Ces 5 axes, auxquels nous donnerions une visibilité renforcée dans les mois à venir avec la volonté de les installer dans le débat politique national pourraient être les suivants :

 

  1. Libérez l'économie et le travail des coûts du capital.

Cette campagne sur le coût du capital lancée à la Fête de l'Humanité a déjà marqué des points. Nous voulons aller beaucoup plus loin. Les Échos d'hier révélaient que le rendement de l'ISF serait supérieur aux prévisions. L'argent et les gâchis sont donc bien là.

Il s'agit pour nous de porter plus haut et plus fort notre dénonciation des immenses coûts et prélèvements financiers pour faire cesser la culpabilisation du travail et la confiscation d'une part énorme des richesses vers le capital.

Cet axe de campagne comporte nos propositions pour reprendre le pouvoir sur les banques, la BCE et le crédit, sur l'utilisation des richesses dans les entreprises ainsi que nos propositions pour des États généraux de la justice fiscale, auxquels il faudra donner suite à la rentrée.

 

  1. Contre l'insécurité sociale et la société de concurrence, nous voulons donner la priorité à l'humain et au bien commun.

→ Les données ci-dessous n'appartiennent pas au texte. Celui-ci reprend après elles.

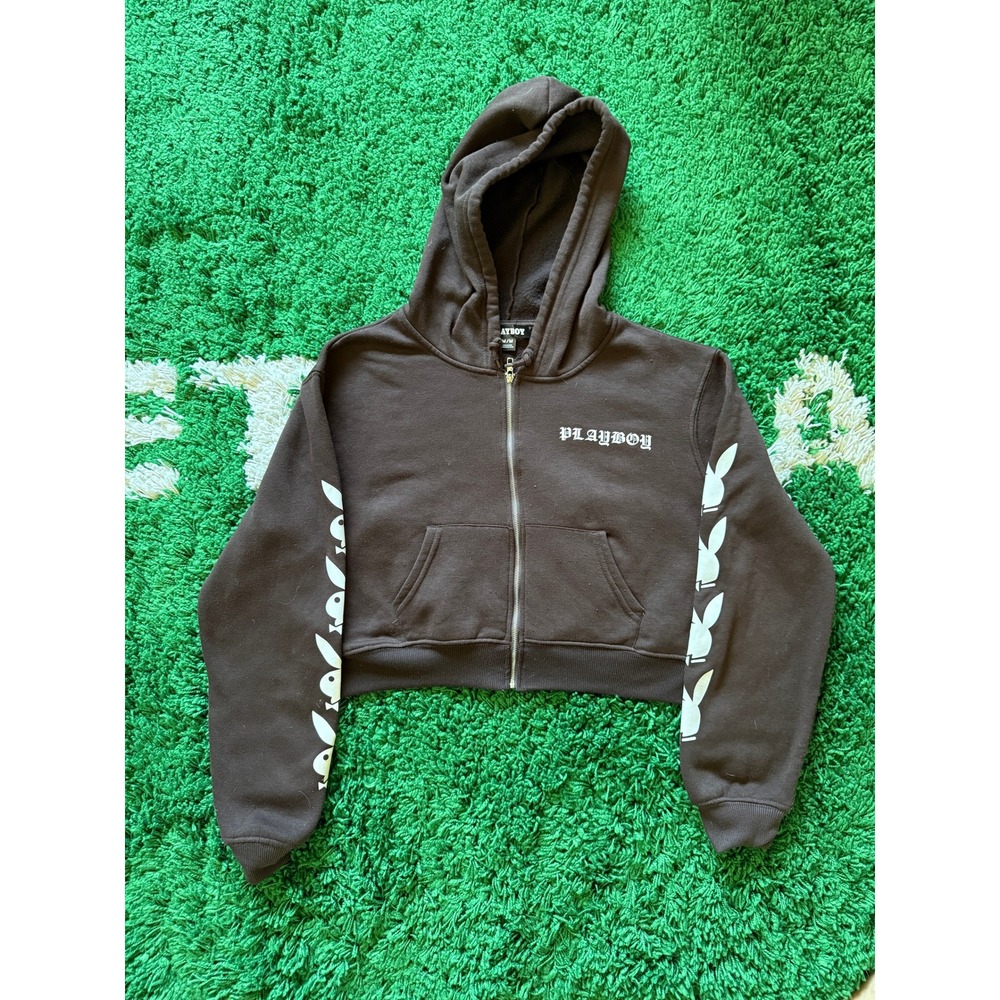 Playboy Cropped Zip Up Hoodie Womens Medium Brown Excellent Graphic Bunny Logo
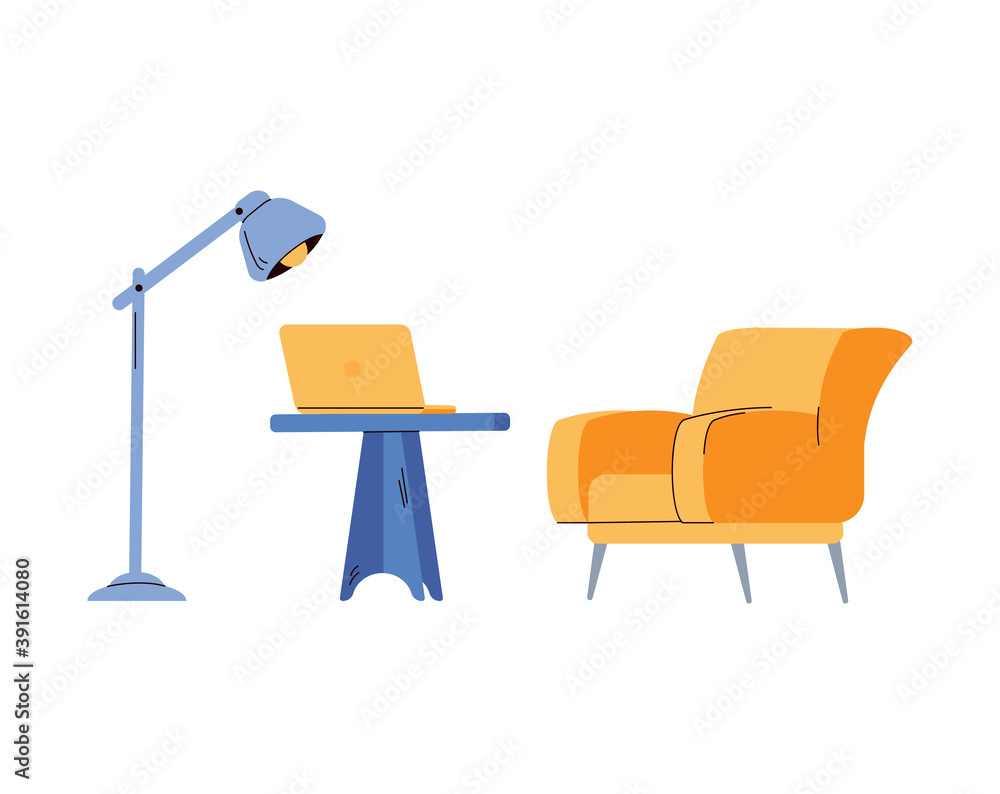 Fototapeta premium Office or home workplace furniture the chair and desk with laptop, flat vector illustration isolated on white background. Furnishing of work space or coworking room.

Services publics, protection sociale et solidarité, émancipation humaine et égalité des droits, dignité et respect de tous, appropriation sociale et partagée... voilà les objectifs et les valeurs sur lesquels nous entendons refaire la société ensemble. Nous refusons la société de l'hyper concurrence, du tous contre tous, pour parier sur la force du partage. Cet axe peut se décliner dans de nombreux domaines, de notre campagne pour la Sécurité sociale à celle pour les droits des femmes, de celle pour le droit de vote des étrangers, à celle pour la promotion de toutes les formes d'appropriation sociale de la production.

 

  1. Reconquérir notre industrie pour la mettre au service de l'emploi, d'un nouveau modèle productif, de la transition écologique.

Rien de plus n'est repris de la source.